Brown v. State
Brown v. State
Opinion of the Court
delivered the opinion of the court.
The appellant was charged, by affidavit before John L. Floore, mayor of the town of Shuqualak, with unlawfully selling intoxicating liquors. He was tried and convicted, and appealed to the circuit court. In the circuit court he filed his motion to quash the affidavit made against him, on the ground that the lower court was without jurisdiction because said mayor and ex officio justice of the peace had never qualified as a justice of the peace by entering into bond in the sum of $2,000 as such justice. Elective justices of the peace are required to give bond. But neither the statute nor any sound reason prescribes the giving of any additional bond by a municipal officer already under bond, as a prerequisite to his discharge of the duties of an ex oficio justice of the peace. The functions of that office are imposed by legislative will upon mayors of cities and towns. They are superimposed upon other functions of like character already possessed, and without regard to the wish of mayoralty incumbents, and the bonds given as mayors are the guaranty of fidelity of the ex officio justice of the peace.
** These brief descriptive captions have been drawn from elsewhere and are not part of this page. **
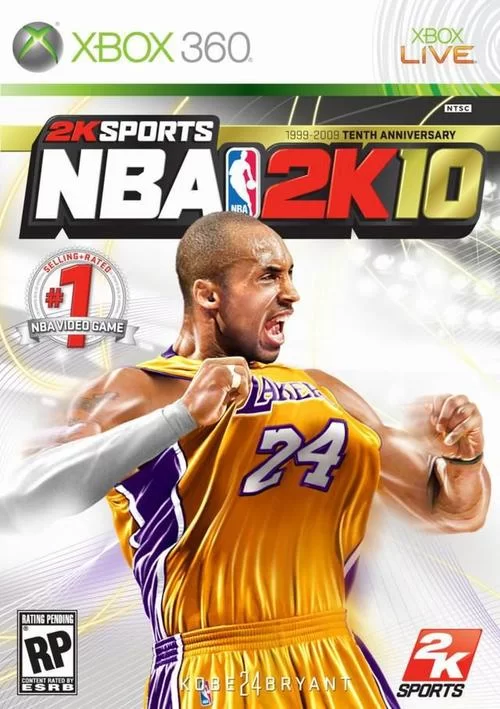 回顾经典NBA2K11：超全球员名单及球员能力值详解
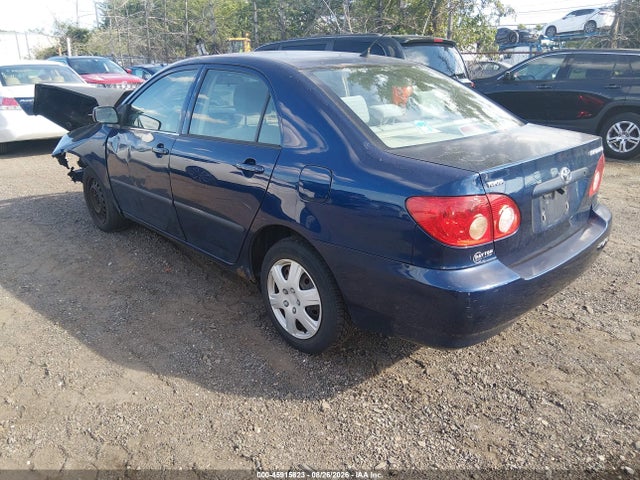Aukcja sprzedaży 2007 Toyota Corolla Ce/le/s, vin: JTDBR32E870103315, numer aukcji: 45915823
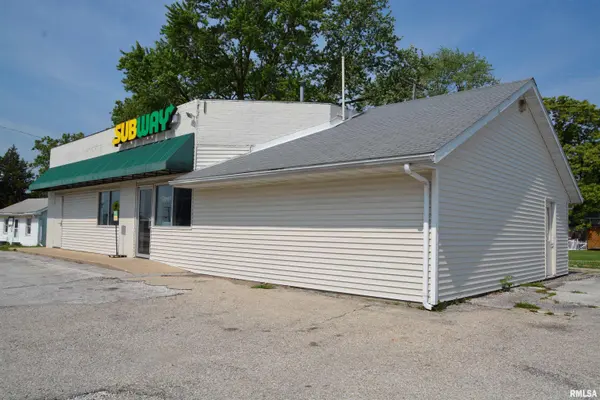 494 E HURST ST, Bushnell, IL 61422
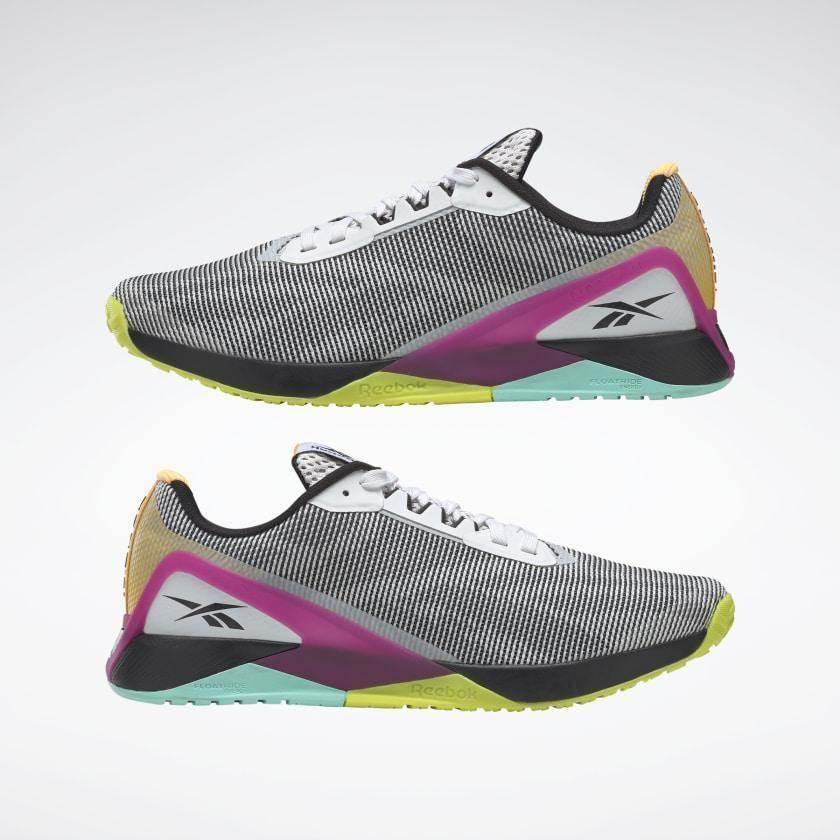 נעלי ריבוק קרוספיט נאנו לגברים Reebok Reebok Nano X1 GRIT H02864 - Image 8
It was error to permit the defendant to be examined about an irrelevant and immaterial matter, but, as it was not hurtful, we cannot reverse because the defendant was allowed to be contradicted by other witnesses on this immaterial point.
Affirmed.
Reference
- Full Case Name
- Allie Brown v. State of Mississippi
- Cited By
- 3 cases
- Status
- Published
- Syllabus
- 1. Criminal Law. Mayor acting as justice of the peace. Bond. Affidavit. The mayor of a municipality is not required to give an additional hond as justice of the peace, and the validity of his acts in the latter capacity are not affected hy the failure to execute such bond. 2. Same. Testimony of accused. Contradiction as to immaterial matter. The contradiction of the accused by other witnesses, in respect to an immaterial matter elicited on cross-examination, is not hurtful, and does not constitute reversible error. 3. Same. • Credibility of witnesses. Testimony of accused. Instruction. An instruction for the state, upon the credibility of witnesses, that merely puts the accused, who has testified in his own behalf, upon a like footing with other witnesses, is not within the rule condemning charges that suggest the falsity of his testimony or authorize the jury to disregard it as unworthy of belief. Buchley v. State, 62 Miss., 705; Woods v. State, 67 lb., 575, distinguished.